SECOND TERM: Northern leaders give Jonathan conditions •Replace Namadi Sambo •Create Arewa development fund •Remove onshore/offshore dichotomy

A cutthroat power struggle is now ongoing in the North, as some leaders are said to have listed some conditions under which they would be ready to support President Goodluck Jonathan‘s second term bid in 2015.
This is coming as suspicion lingers among opposition political parties over their planned merger, due to what a source called the sudden interest of the All Nigeria People’s Party (ANPP) in the proposed grand opposition coalition.
Sunday Tribune was reliably told that some Northern leaders met in Kano, on Friday, after jumat to review the state of the North and the forthcoming 2015 presidential election with actors at the meeting said to be worried that the president‘s second term bid is almost a fait accompli, due to distrust among Northern political leaders.
A source close to the meeting who hails from Zaria, Kaduna State, said it was held at the residence of a Second Republic politician with about 11 top politicians from the core North in attendance.
It was gathered that the meeting discussed the increasing division in the North and concluded that the possibility of the region forging a common front before 2015 was becoming increasingly unattainable, thereby advancing a ‘Plan B’ which our source said included a conditional support for the president’s second term bid.
Actors at the meeting were said to have expressed worries that if the North should enter the 2015 race as it were, the president may secure his second term without any agreement or relationship with the core North.
“The fear is we are in trouble, if the man wins again without our organised support. We risk the top position going to the Igbo in 2019,“ the source noted.

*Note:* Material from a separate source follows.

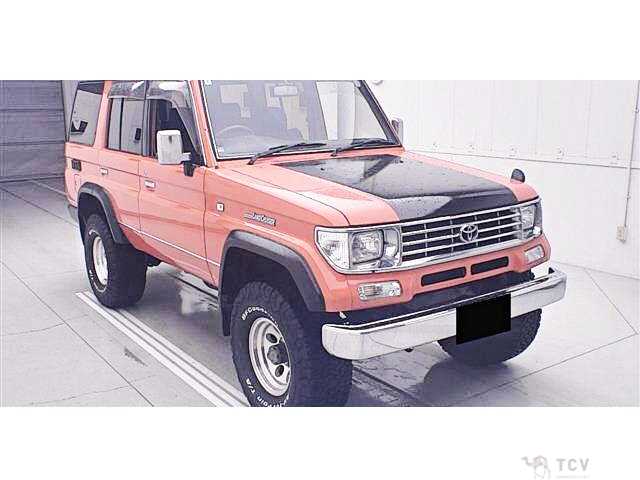 1996 Toyota Land Cruiser Prado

Sunday Tribune was told that the meeting, which lasted for two and a half hours, agreed to link up with other Northern leaders, even as they agreed on some conditions the North should give the president, if the core North was to back him for the Presidency in 2015.
Our source narrated that the meeting listed three main conditions for the president, the most important of which is that he should change his vice presidential running mate.
The meeting was said to have advised that the president should pick his running mate from among one of the Northern governors as a way of rallying the Northern governors behind him.
Besides, the group is also said to be canvassing for a wholesale rebuilding of the Northern region through a federal Northern Development Fund, in view of the Boko Haram crisis and what the source called subsisting underdevelopment in the region.
The last of the conditions, according to the source, is a request for presidential support for the clamour of the North for the review of the onshore/offshore dichotomy, a division which the Northern states believe is depriving the region of close to N40 billion monthly.
An administration source, very close to the vice-president, who was contacted over the report, described the conditions as unrealistic, asserting that “Vice-President Namadi Sambo has remained a loyal and effective deputy since he came on board.
“That is wishful thinking of a faceless group. The Jonathan/ Sambo ticket is a winning team anyday.“
The source added, however, that “the president has not even taken any decision on the second term issue.”
Meanwhile, there is still suspicion about intentions of partners over the ongoing merger talks among the main opposition parties in the country.
Checks within opposition circles showed that the eagerness of the Congress for Progressive Change (CPC) to effect the merger is been hampered by unresolved issues with the Action Congress of Nigeria (ACN) as well as fears over the real goal of the ANPP in the merger talks.
Sunday Tribune was told that both the CPC and the ACN were wary of the renewed interest of the ANPP in the merger with some chieftains of the CPC said to be afraid of a repeat of old ANPP feud within the planned party.
The ANPP was said to have directly written letters to both the CPC and the ACN, expressing its total support of the merger plan as a way to defeat the Peoples Democratic Party (PDP) in 2015. The party also reportedly forawarded a list of its team’s members for the merger talks with former Borno State governor,Ali Modu Sheriff, as the head.
The direct involvement of Sheriff, who is the ANPP Board of Trustees chairman, is said to have alarmed the CPC whose chieftains reportedly regard the former governor as a sympathiser of the ruling PDP.
A CPC chieftain, who expressed fear about the ANPP, said “we are wary and we are looking over our shoulders because of our previous experience with the old ANPP.“
Meanwhile, the CPC itself is battling with questions about who made up its negotiating team, with a group within the party canvassing that no member of the National Executive Committee or Board of Trustees should be part of the negotiating team.
This position did not, however, go down well with some entrenched interests within the party who believe doing that will hand over the negotiation to the Mallam Nasir el-Rufai-led Renewal Committee.